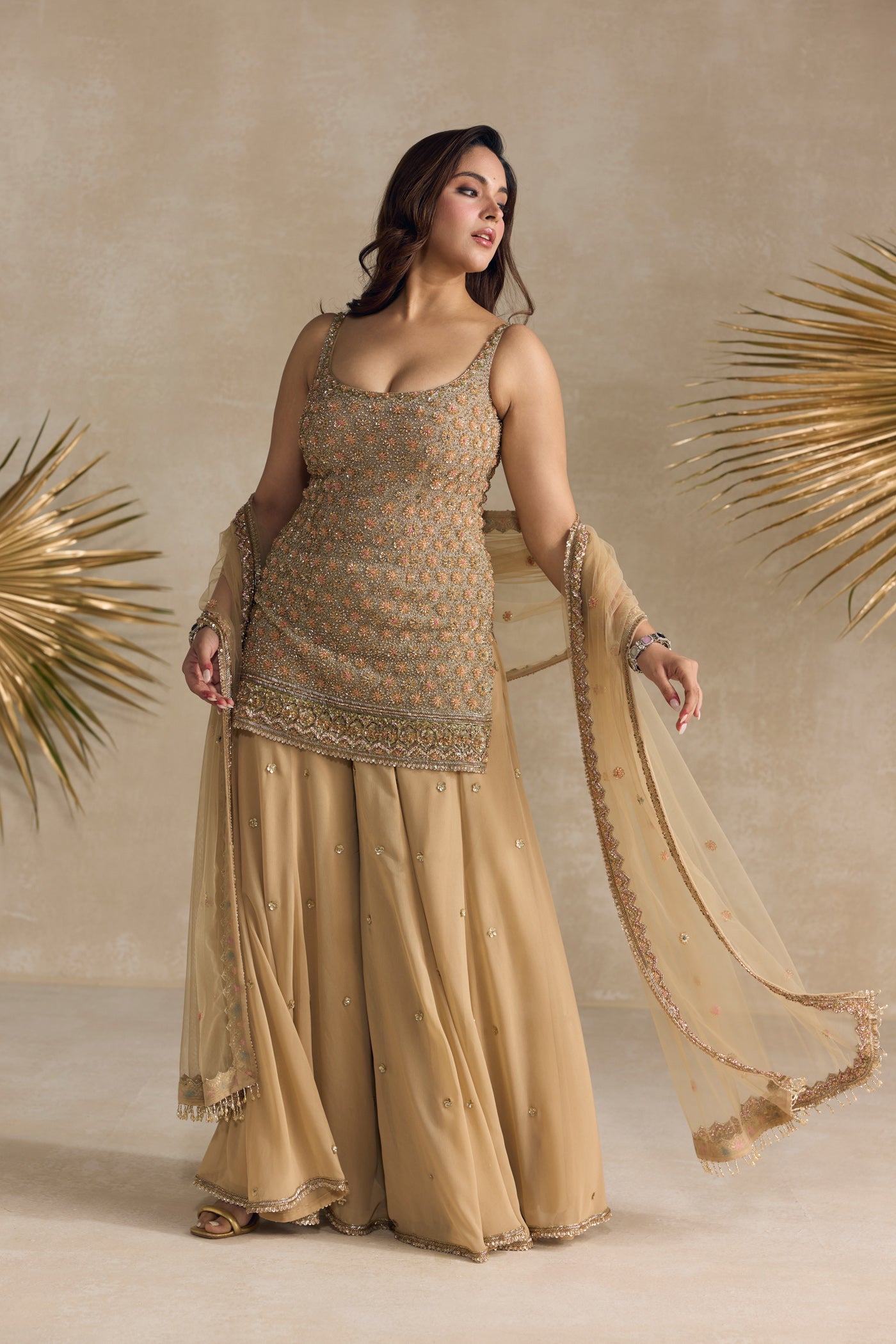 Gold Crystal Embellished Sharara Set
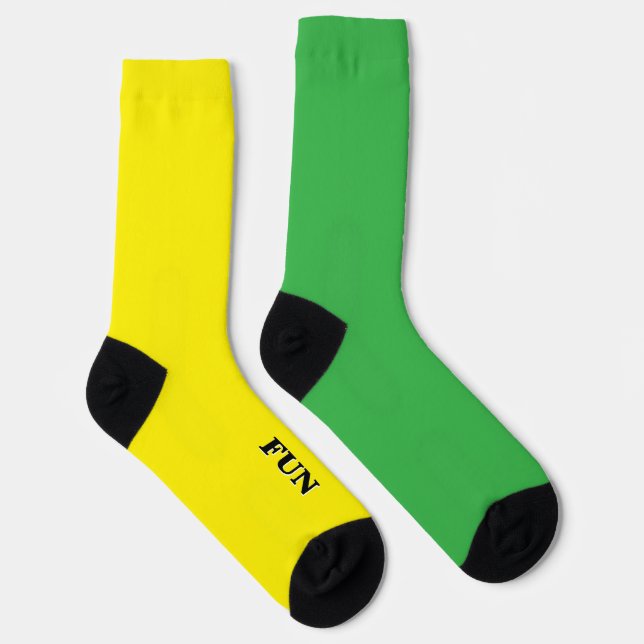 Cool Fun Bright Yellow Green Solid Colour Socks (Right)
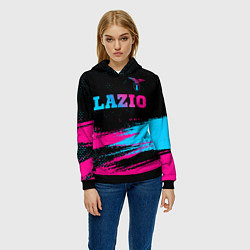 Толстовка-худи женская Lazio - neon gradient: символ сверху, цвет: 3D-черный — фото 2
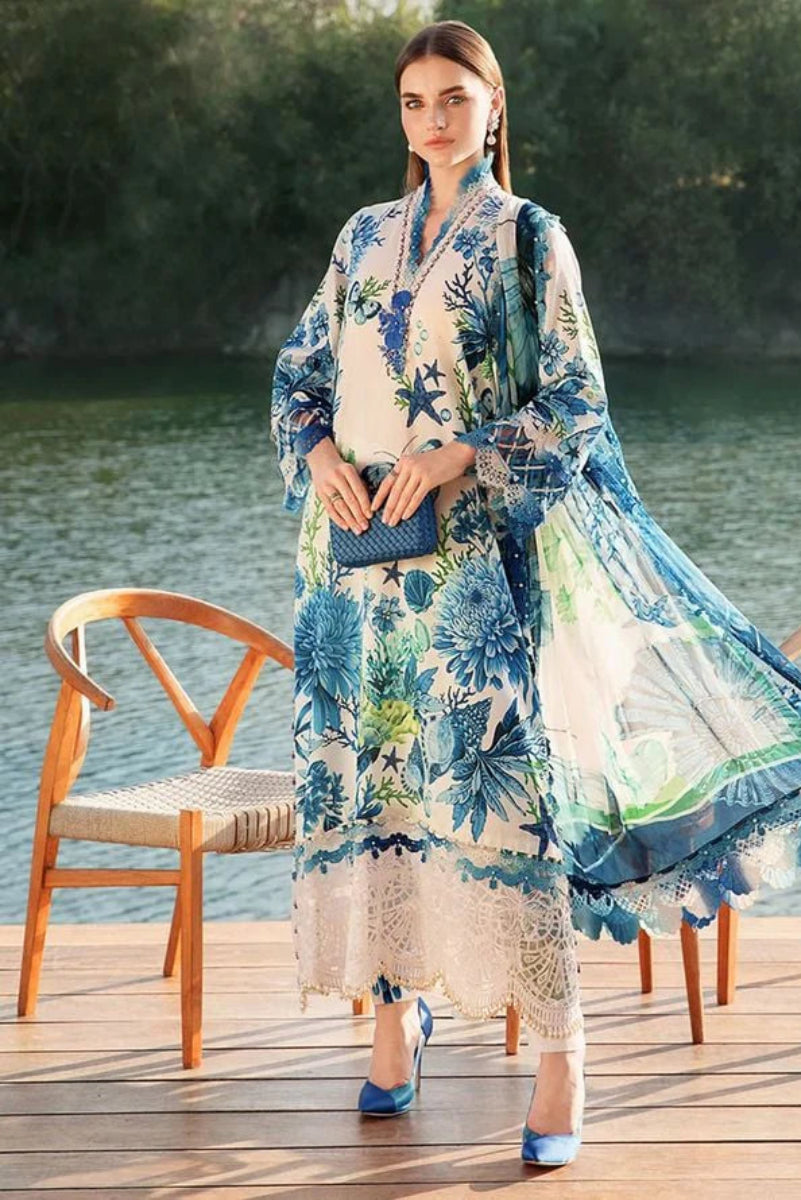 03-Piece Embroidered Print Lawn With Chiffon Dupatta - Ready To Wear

Brief> Transcribe word for word only the lines from the one with "Cool Fun Bright" through the end of the listing; every picture is to be omitted.

Result for this task>
 Cool Fun Bright Yellow Green Solid Colour Socks (Right)
 Толстовка-худи женская Lazio - neon gradient: символ сверху, цвет: 3D-черный — фото 2
 03-Piece Embroidered Print Lawn With Chiffon Dupatta - Ready To Wear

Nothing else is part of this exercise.